At Asolo Repertory Theatre in Sarasota, 16-year-old Andrii Padkovskyi and his 21-year-old brother, Yurri, greet each other in Ukrainian before a rehearsal of "Fiddler on the Roof."
For decades before the war with Russia, Sarasota County has been a hub for Ukrainians. With help from a family friend, Andrii and his mother moved to Venice three years ago. Yurri followed soon after.
But the one thing they could not leave behind was their instruments. Andrii plays the violin, and Yurri the clarinet.
Before joining the show, the brothers knew little about "Fiddler on the Roof," which centers on Tevye, a poor milkman and his family living in Czarist Russia.
The show highlights universal themes of tradition and change, generational conflict and oppression.
The musical is set in a fictional Jewish village called Anatevka, which would be in present-day Ukraine.
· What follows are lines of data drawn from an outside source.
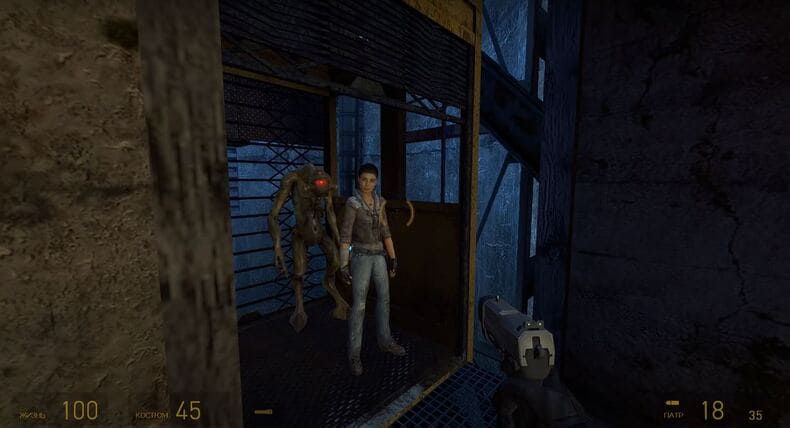 Все лучшие игры от Valve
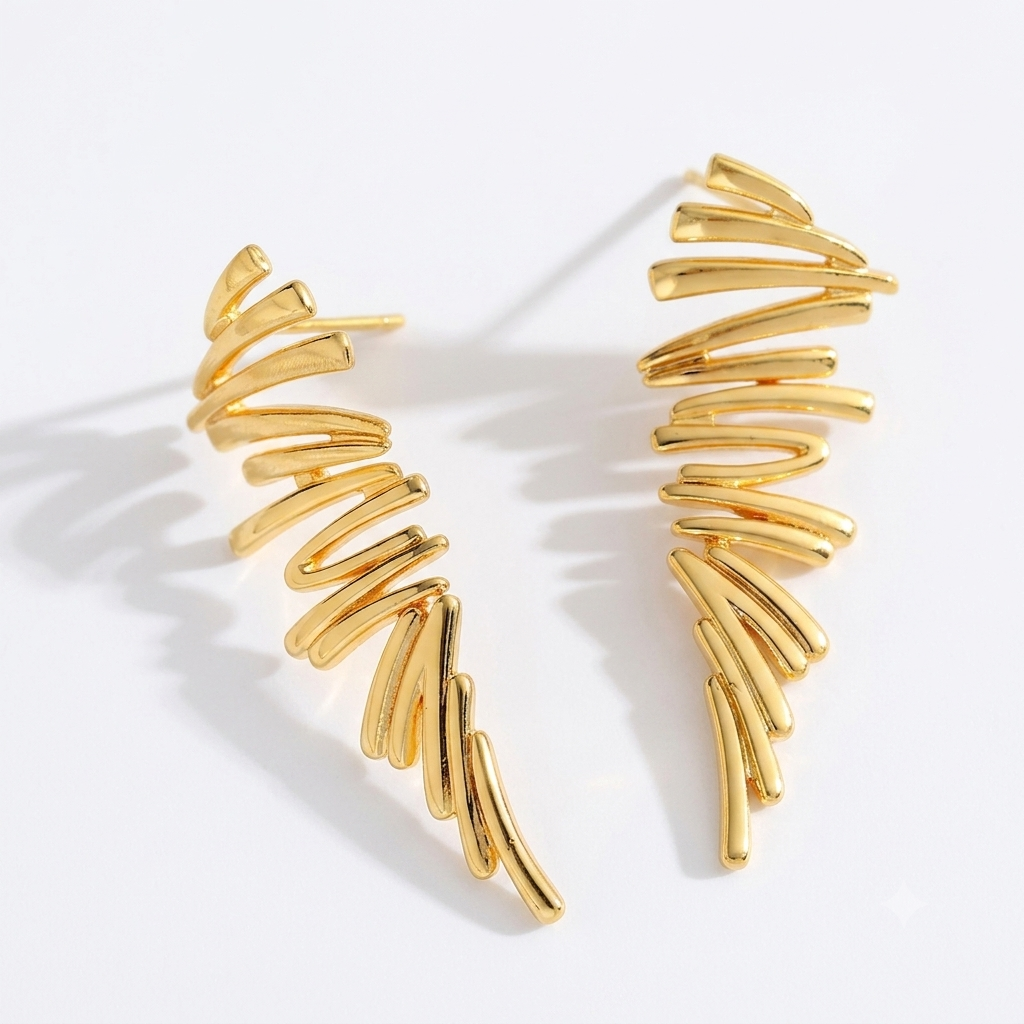 Golden thunder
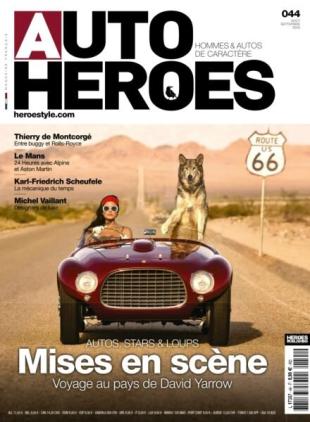 Auto Heroes - Aout-Septembre 2025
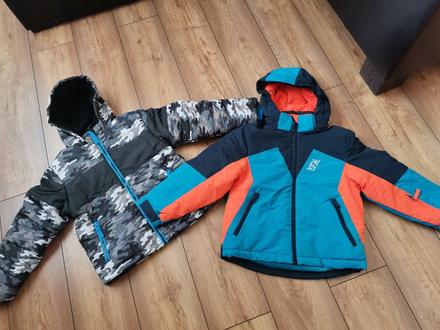 Zimná bunda, kiki&koko,128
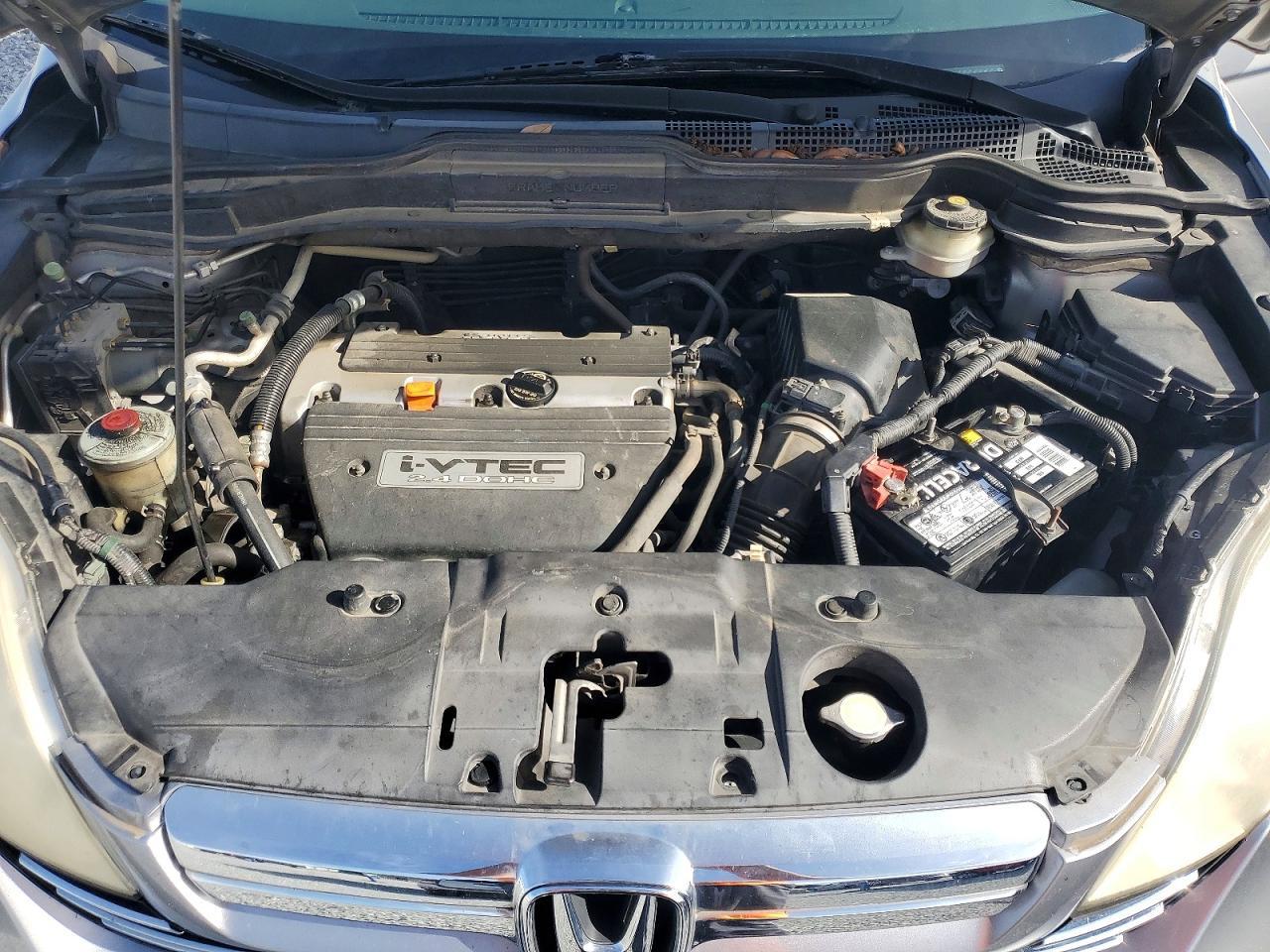 2008 HONDA CR-V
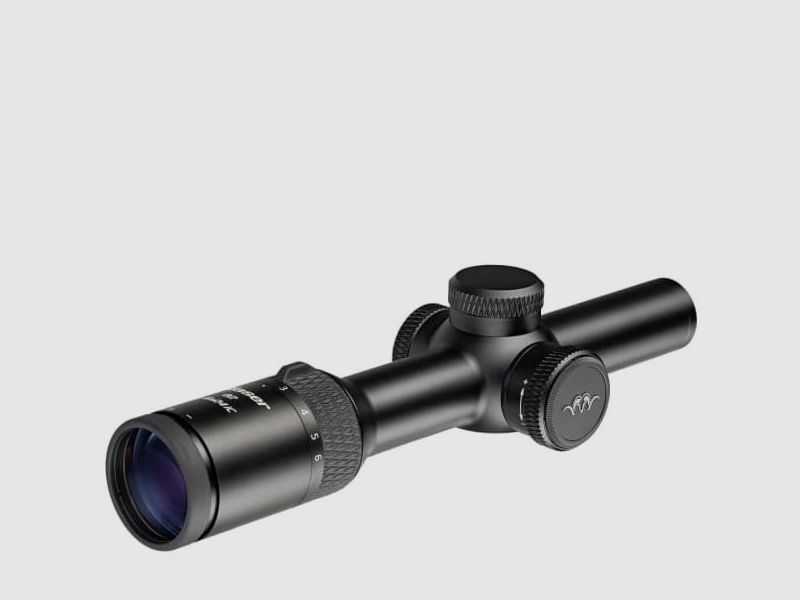 Luneta Blaser B2 1-6x24 iC, zdjęcie 3 z 10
But for Andrii, this story of families forced to leave their homes is a familiar one.
"When the war started, I was going to school, but teacher called every student and said, 'Don't go to school,' ” he said. “It's very dangerous to go outside.”
Andrii was 13 when the bombs started to fall. At the time, Yurri was studying music at a university in the Czech Republic along with their oldest brother.
"We woke up like at 5 a.m., and we were terrified at the time,” he said. “I was just checking news, 24/7. I was calling everybody I know in Ukraine."
Peter Rothstein, Asolo Rep's producing artistic director, discovered Andrii at the Sarasota Orchestra's Young Artists Competition.
And then he learned Andrii's backstory.
"And I thought, 'How poignant would it be for the Fiddler who is the central metaphor of our story,to be from the same piece of Earth in which the story was set, that the Jews became refugees,' " he said.
"Fiddler on the Roof" premiered at the Imperial Theater on Broadway in September 1964; that production ran for a record 3,242 performances and won nine Tony Awards.
Both Padkovskyi brothers say there are parts of the story that especially resonate.
For Yurri, it's when Tevye's middle daughter, Hodel, prepares to leave her family for Siberia to join her husband.
"And she say, 'We'll never see you again, my father.' So, for me, I didn't see my father for almost five years, and I think this is the most heartbreaking thing to me," he said.
Andrii said the song that most hits home for him is the musical's final number, "Anatevka," where a Russian constable tells the villagers to pack all their belongings and go.
“They say you have three days to leave your houses, sell them and leave,” he said. “For me, it was the same as the day the war started. They just came to my countr; it kind of was, like, you have only a few days to leave."
Three years into their new lives, the Padkovskyi brothers say they’re grateful to be here.
And for Asolo director Peter Rothstein, that's another parallel to "Fiddler on the Roof," which ends with Tevye's family leaving for America.
“There's something incredibly relevant and current about the world we live in now,” he said. “We have more refugees on the planet than ever before."
The UN Refugee Agency said that at the end of 2024 more than 120 million people around the world were forcibly displaced.
At the end of "Fiddler on the Roof," the soon-to-be refugees face an unknown future.
But for the brothers, the path is clearer.
Andrii will finish his sophomore year of high school in Venice. And Yurri will begin a new fellowship at the Juilliard School of Music.
"Fiddler on the Roof" is playing at Asolo Repertory Theatre in Sarasota through May 24.